PROVIDED MATERIAL Block Start
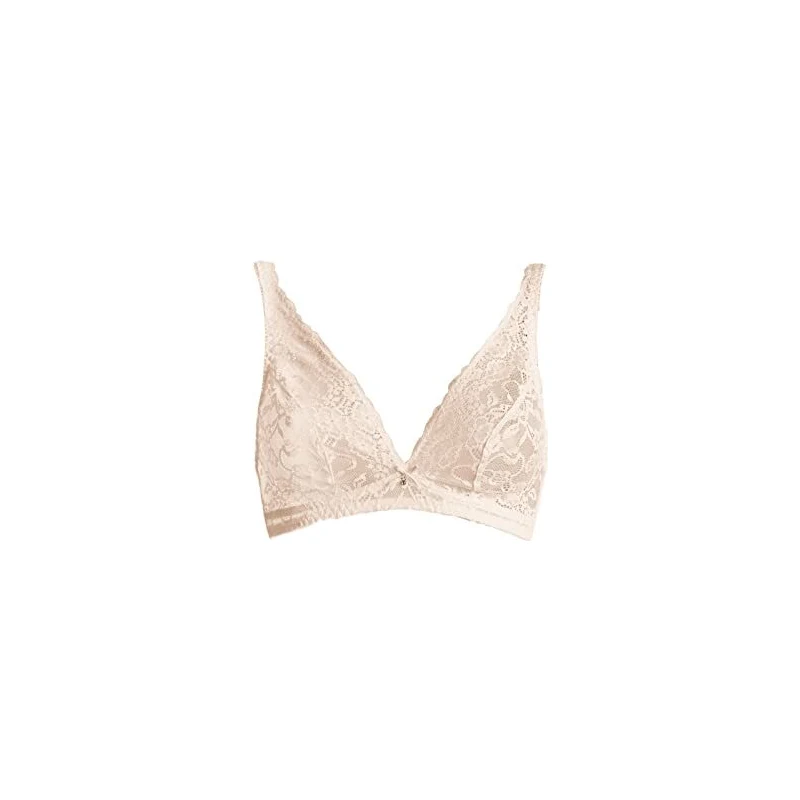 Bralette Victoria's Secret Raso Beige &ndash; Senza Fili Leggermente Imbottito &ndash; Taglia M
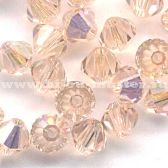 Бусина Swarovski  арт.5301 биконус, размер 4 мм,цвет Light Peach АВ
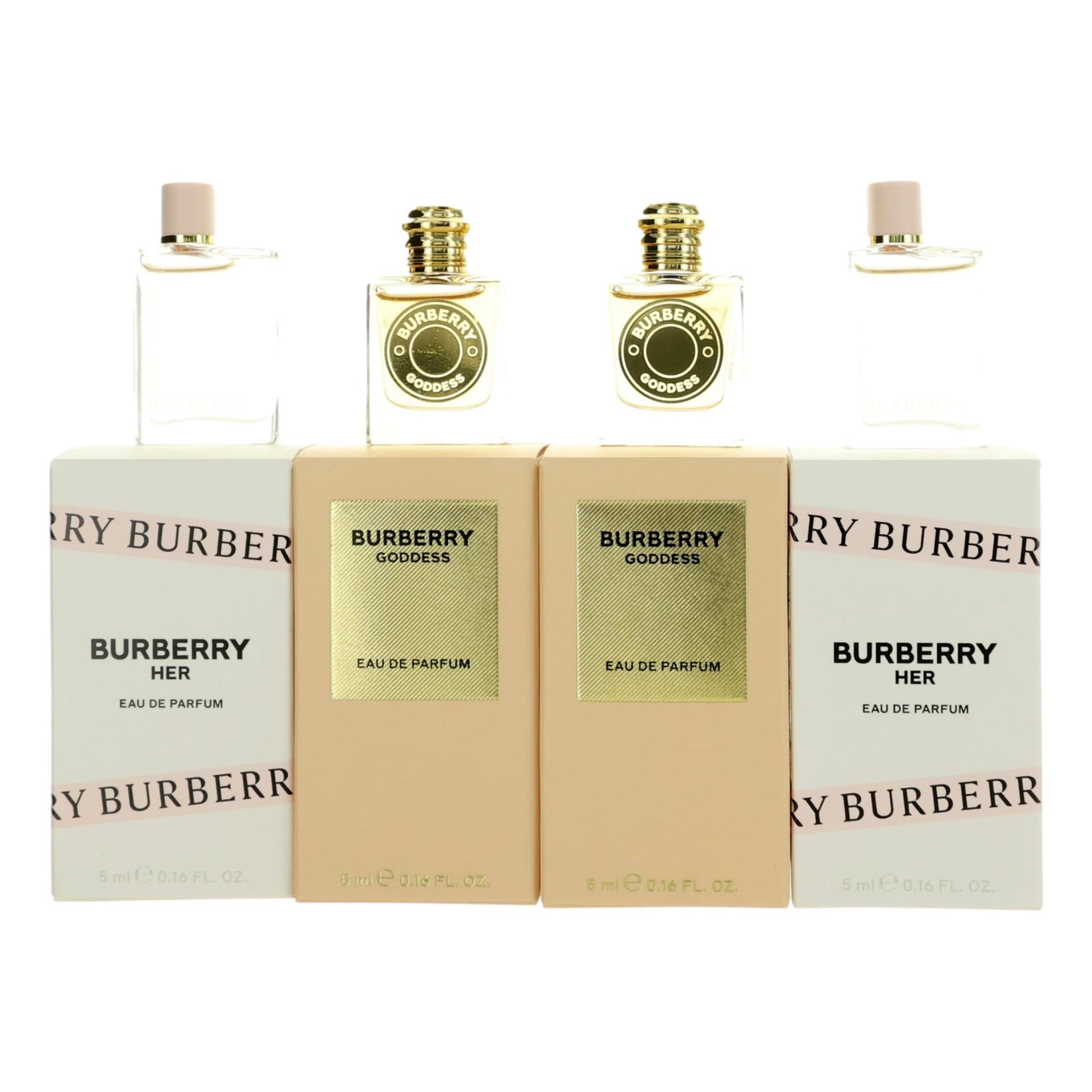 Burberry by Burberry, 4 Piece Variety Gift Set for Women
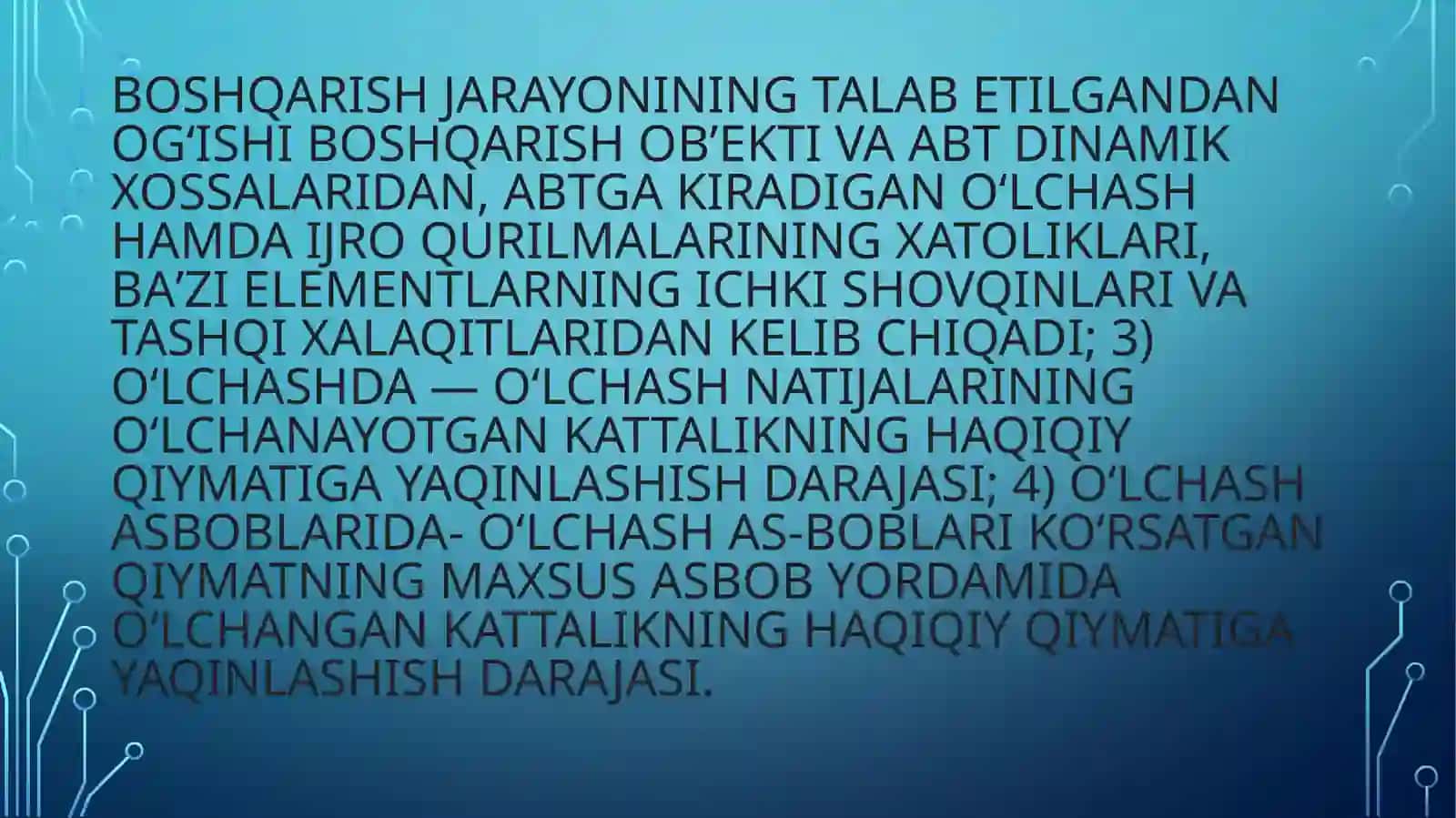 Mashinasozlikda aniqlik tushunchasi 4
PROVIDED MATERIAL Block End
▸ **TASK TO COMPLETE**
Give the listing again, exactly as it appears, but without its images.

▸ **OUTPUT OF THE TASK**
 Bralette Victoria's Secret Raso Beige &ndash; Senza Fili Leggermente Imbottito &ndash; Taglia M
 Бусина Swarovski  арт.5301 биконус, размер 4 мм,цвет Light Peach АВ
 Burberry by Burberry, 4 Piece Variety Gift Set for Women
 Mashinasozlikda aniqlik tushunchasi 4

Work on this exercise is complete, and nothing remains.